Upon moving to Memphis, I decided to check out the city. Besides all the astounding music that resides there, i.e. Beale Street, the Rock and Soul Museum, Stax Museum of American Soul, and Graceland, to name a few, there is plenty of Civil War history as well.
Nathan Bedford Forrest is honored with a statue (under which he and his wife are entombed) and a park named after him. Elmwood Cemetery, one of the oldest in the area, holds the graves of yellow fever victims (there was an epidemic in 1878) in one section, Masons in another area, Chinese in another, and slaves in yet another. At Victorian Village, several mansions stand, one of which is called the Woodruff-Fontaine House, said to be haunted.

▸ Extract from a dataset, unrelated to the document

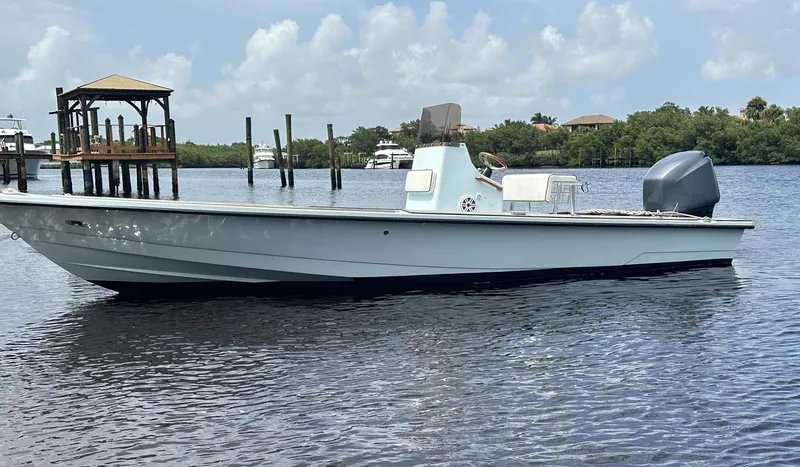 Slide: The Image of 2004 Pathfinder 2400 V boat on calm water, dock and trees in background. - 9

The Mississippi River played a vital role in the war, because the Yankees knew that, once they gained control of this essential, watery thoroughfare, the Confederacy would be terminally crippled. Memphis fell to Union occupation early in the war, as did New Orleans. Vicksburg, Mississippi would succumb a year later. General Grant achieved victory for these defeats, which then catapulted him to the position of Major General of the U. S. Army. After the war, a fellow by the name of Mark Twain (which is a boating term in reference to the river’s water level) would gain notoriety with his infamous novels. There is so much amazing history here in Memphis that I hope it isn’t forgotten and pushed by the wayside to make room for changing philosophies and advancements.